Samsonite International S.A. (the "Company") refers to the announcements dated March 4, 2016 and April 18, 2016 (the "Announcements") in relation to the proposed acquisition by the Company of Tumi Holdings, Inc. ("Tumi"). Unless otherwise specified, capitalized terms used in this announcement shall have the same meanings as those defined in the Announcements.
The Board is pleased to announce that on April 13, 2016, the Federal Cartel Office of Germany (the "FCO") provided unconditional clearance for the Merger and on April 22, 2016, the waiting period under the U.S. Hart-Scott-Rodino Antitrust Improvements Act of 1976, as amended (the "HSR Act") with regard to the Merger expired. Clearance from the FCO and expiration of the HSR Act waiting period satisfy one of the Conditions to Closing as specified in the Merger Agreement. Subject to the satisfaction or waiver of the remaining Conditions, it is currently expected that Closing will occur in the second half of 2016.
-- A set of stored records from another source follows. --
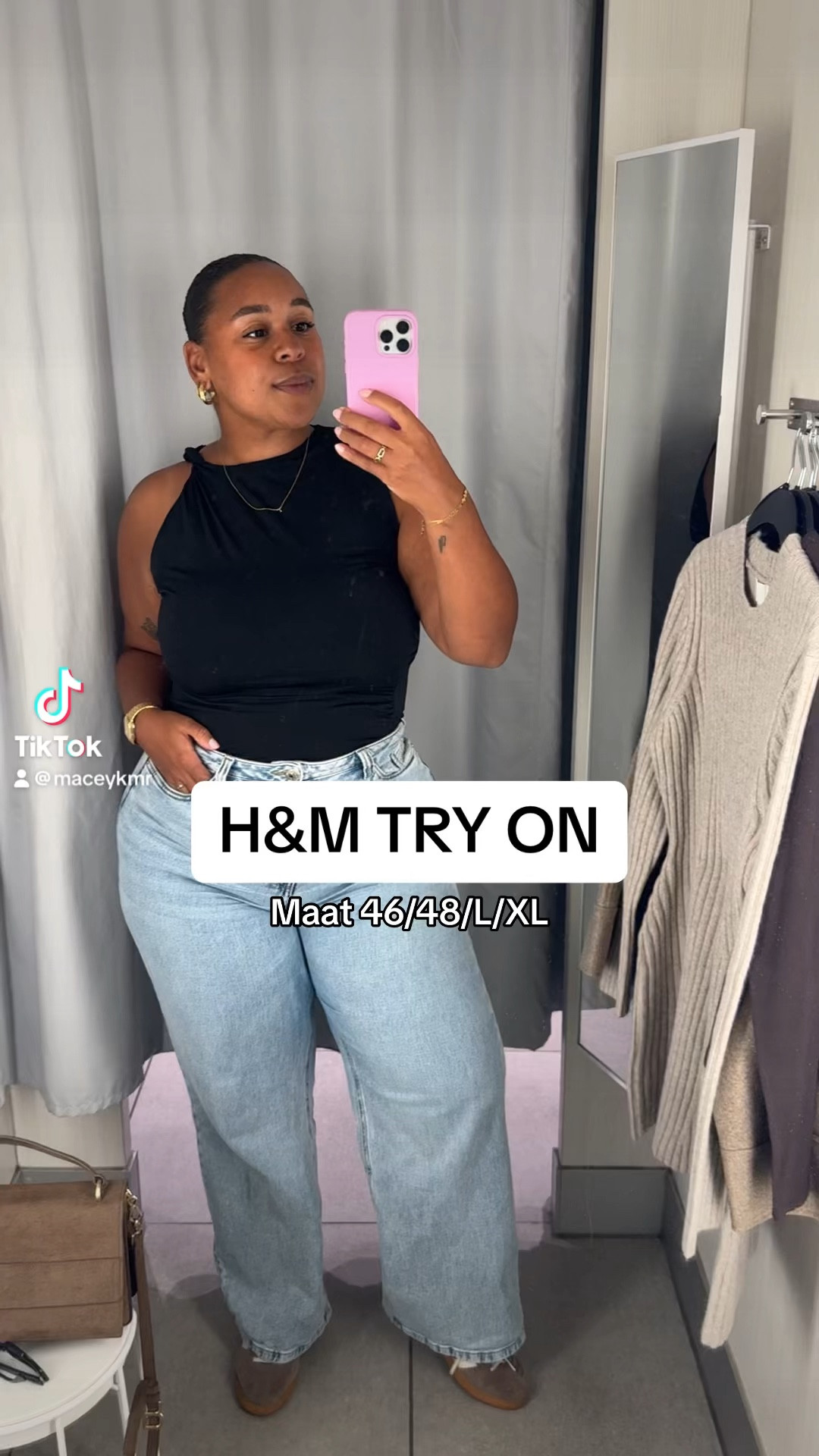 H&M try on ~ transitional outfits 

#LTKplussize #LTKnederlands #LTKautumn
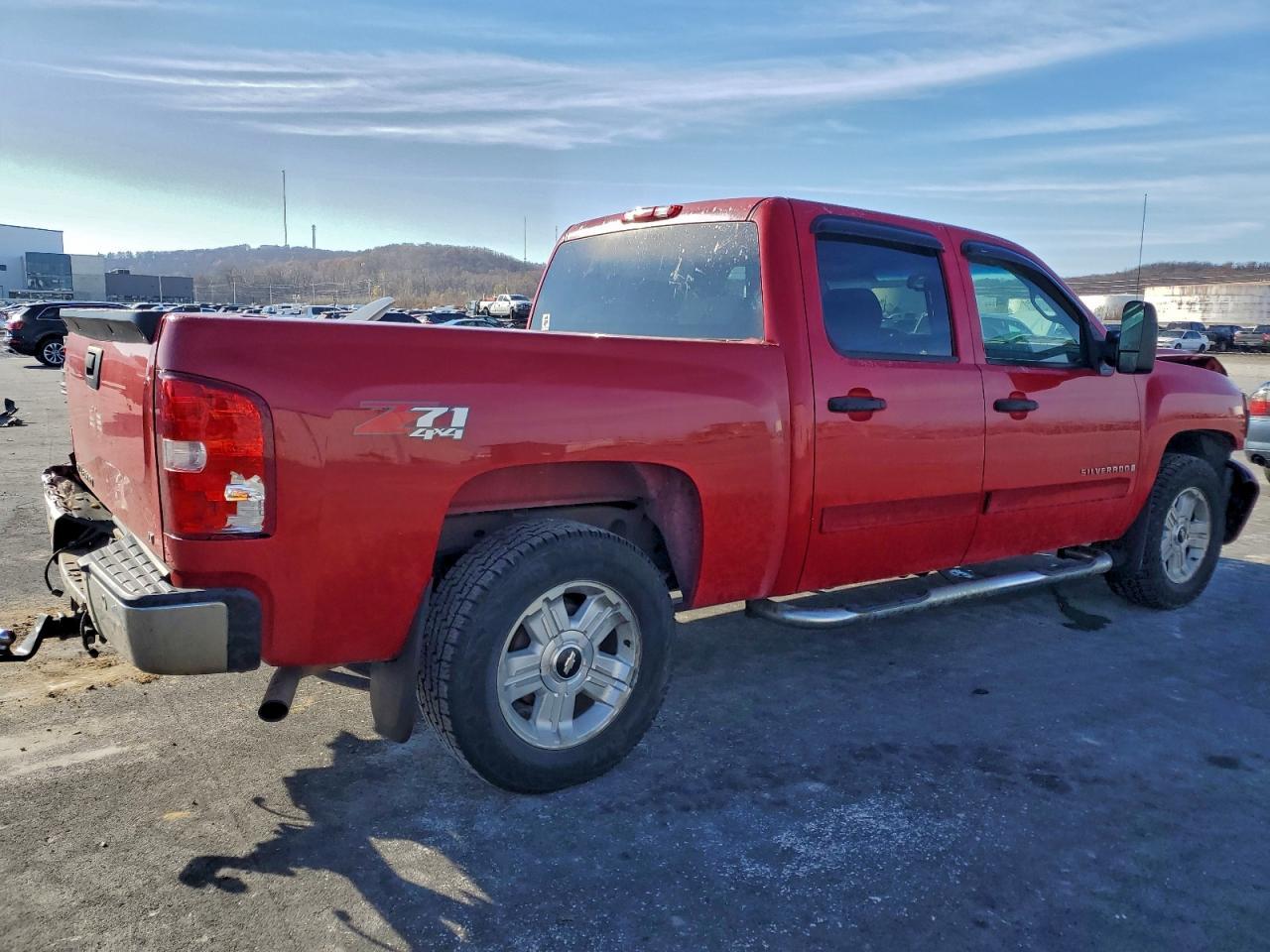2007 CHEVROLET Silverado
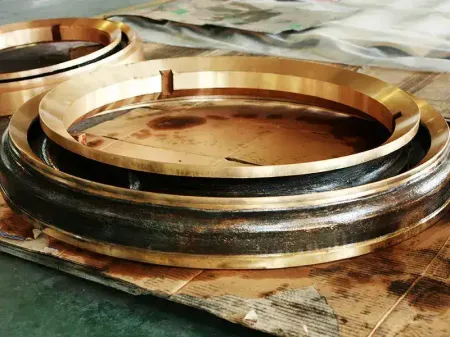 Бронзовые детали на заказ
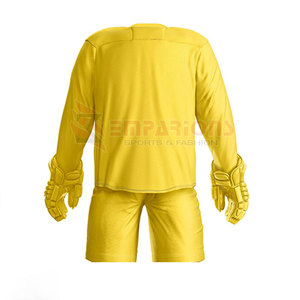 Popular Custom Designed Men's Ice Hockey Uniform Pakistan 100% Polyester Breathable Quick Dry Lightweight High Quality Sports - Product Image 6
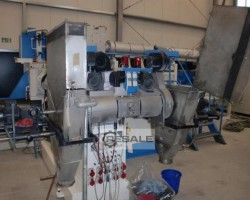 Maschine: SIKOPLAST HKS 220/150/26/B2 Regranulieranlagen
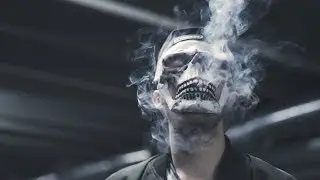 UNAVERAGE GANG x SCHIZO - MAD MANSON (Official Video)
Shareholders and potential investors in the Company should note that the consummation of the Merger is subject to the fulfilment of other Conditions, including, among other things, the approval of the Shareholders of the Company and the approval of the Tumi Stockholders, and that the Merger Agreement may be terminated in certain circumstances. Accordingly, there is no assurance that the Merger will be completed. Shareholders and potential investors in the Company should exercise caution when dealing in the Shares.
By Order of the Board
SAMSONITE INTERNATIONAL S.A.
Timothy Charles Parker
Chairman
Hong Kong, April 25, 2016
As of the date of this announcement, the Executive Directors are Ramesh Dungarmal Tainwala and Kyle Francis Gendreau, the Non-Executive Directors are Timothy Charles Parker and Tom Korbas and the Independent Non-Executive Directors are Paul Kenneth Etchells, Keith Hamill, Miguel Kai Kwun Ko, Bruce Hardy McLain (Hardy) and Ying Yeh.